::: SOURCE MATERIAL :::
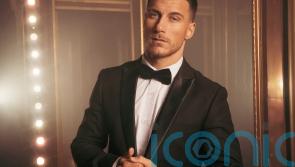 Gorka Marquez: ‘Life is about balance, not just work, work, work’
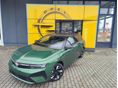 OPEL ASTRA L Sports Tourer 1.2 T MHEV GS (Automata) Legújabb kivitel! Tesztautó kedvezménnyel!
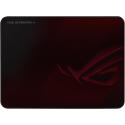 Asus ROG Scabbard II Medium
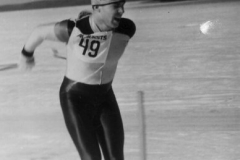 1991. gads Apkārt Alaukstam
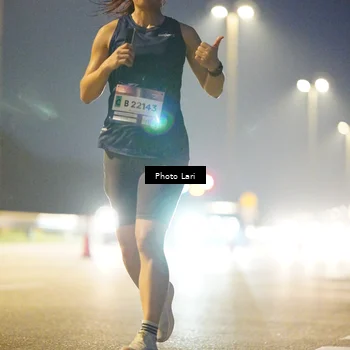Runner Photo 7300258
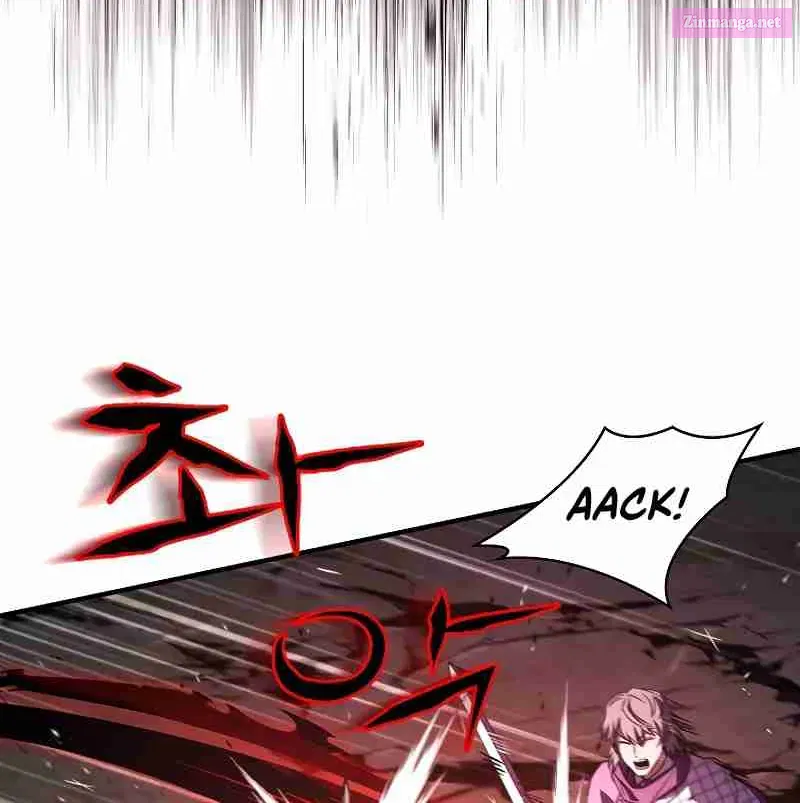 Monarch Of Death Mangakakalot X Chapter 33 Page 7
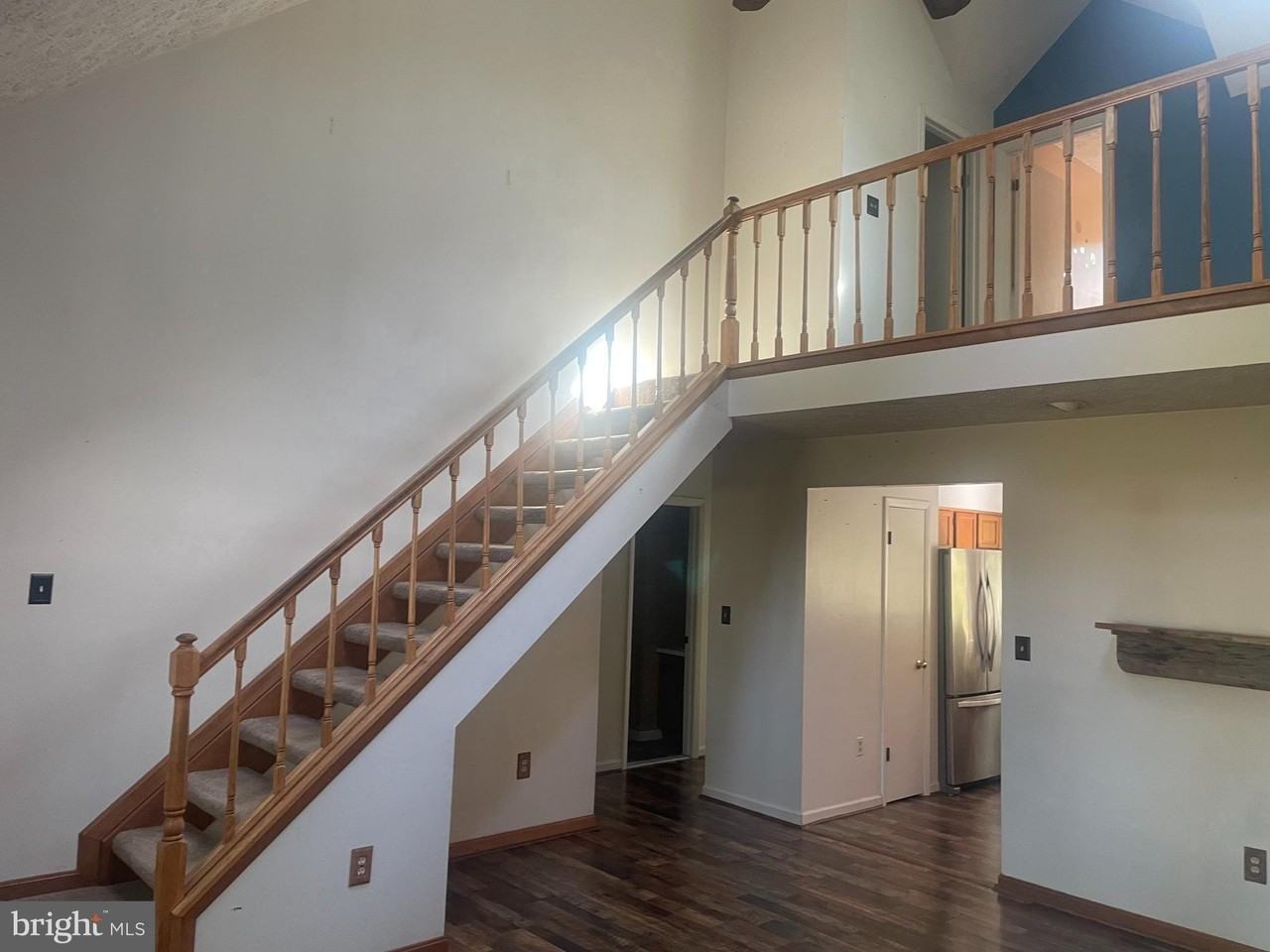 8309 Richardson Nursery Rd #A - Photo 4 of 16
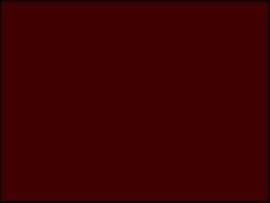 Dark Red Clipart Backgrounds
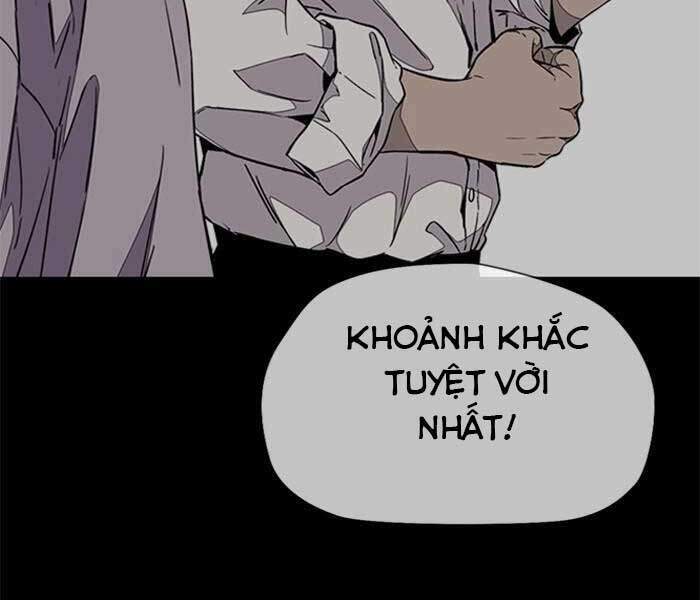 Thể Thao Cực Hạn Chapter 325 - Trang 2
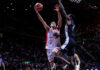 Coppa Italia di Basket, Milano sconfitta da Trento in finale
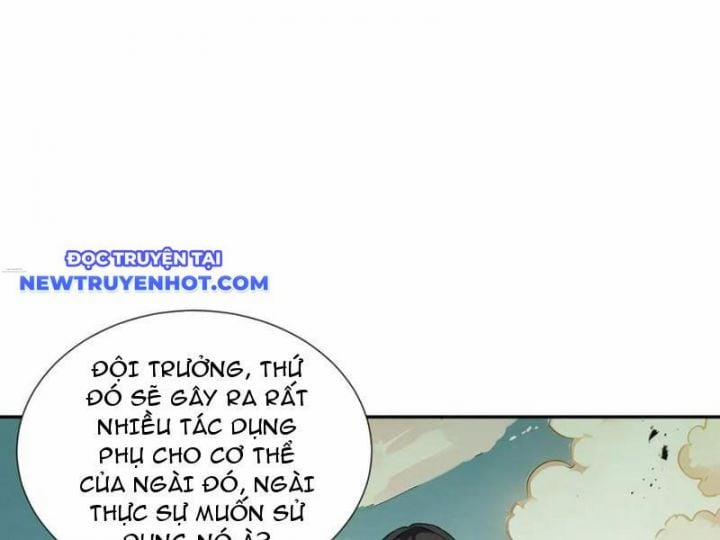 Ta Ký Kết Khế Ước Với Chính Mình 71 trang 120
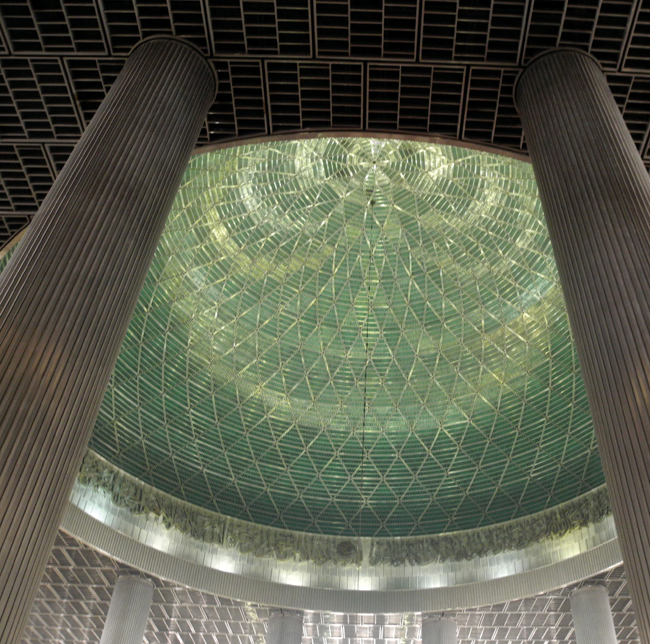 b0052471_9332675.jpg
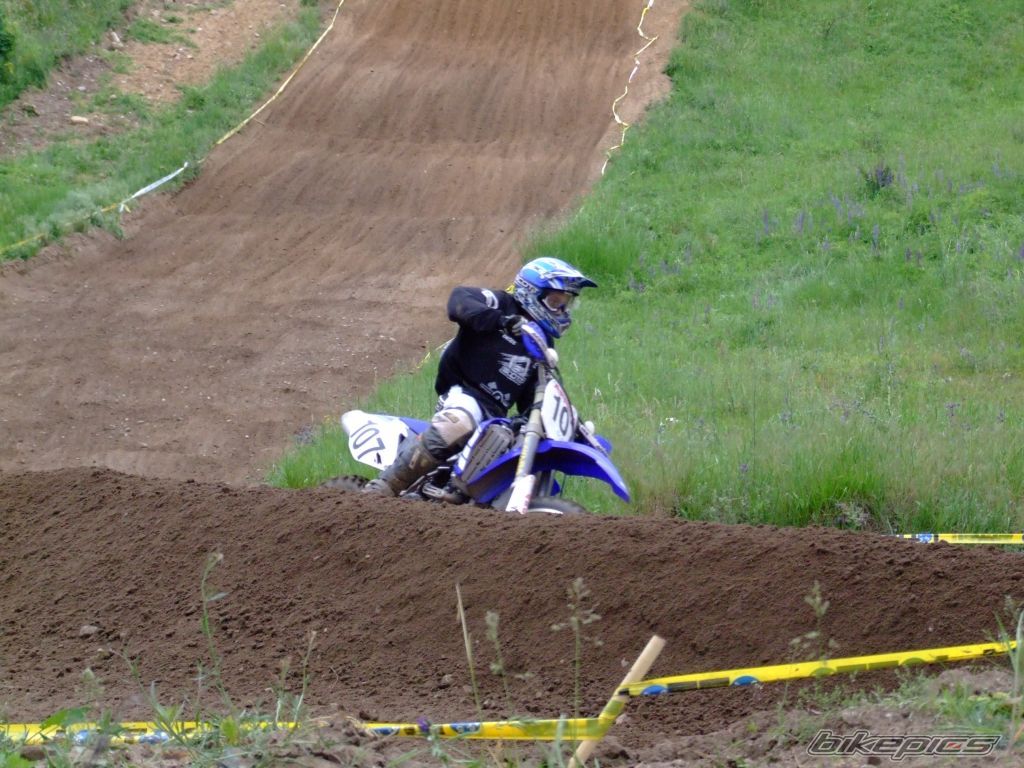 920946 | Picture 920946 motorcycle photo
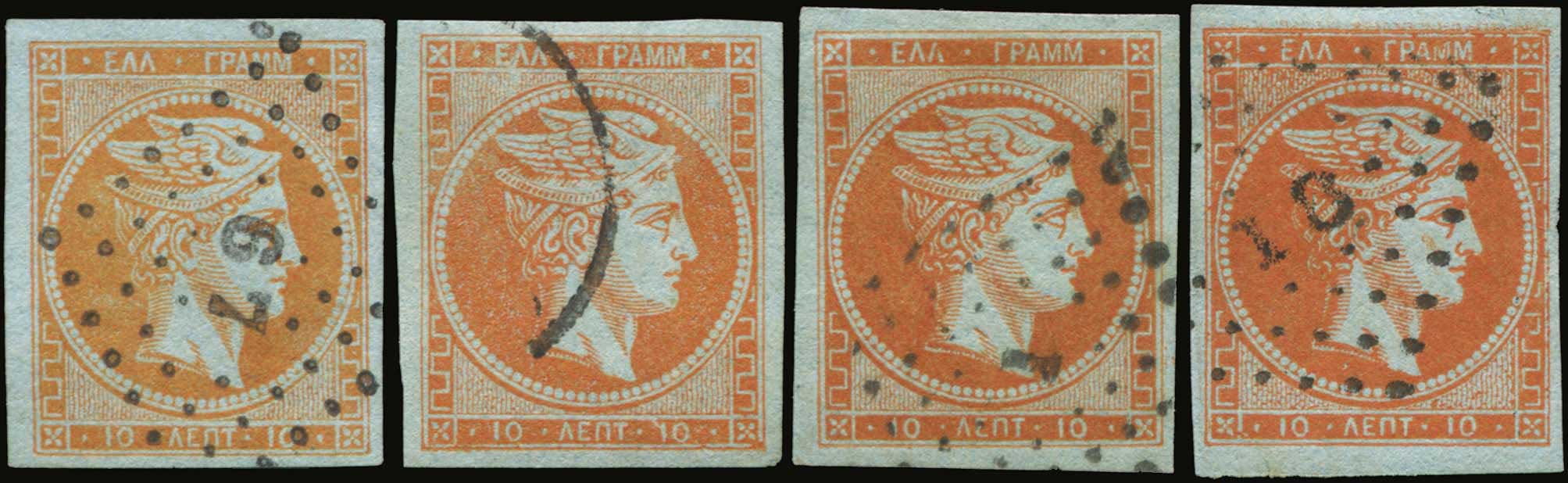 Lot 00118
:::
# AIM OF THE EXERCISE:
Would you restate word for word only the lines from the one containing "Runner Photo 7300258" to the final line of the material, both ends included, without any pictures?

# PROBLEM SOLUTION:
Runner Photo 7300258
 Monarch Of Death Mangakakalot X Chapter 33 Page 7
 8309 Richardson Nursery Rd #A - Photo 4 of 16
 Dark Red Clipart Backgrounds
 Thể Thao Cực Hạn Chapter 325 - Trang 2
 Coppa Italia di Basket, Milano sconfitta da Trento in finale
 Ta Ký Kết Khế Ước Với Chính Mình 71 trang 120
 b0052471_9332675.jpg
 920946 | Picture 920946 motorcycle photo
 Lot 00118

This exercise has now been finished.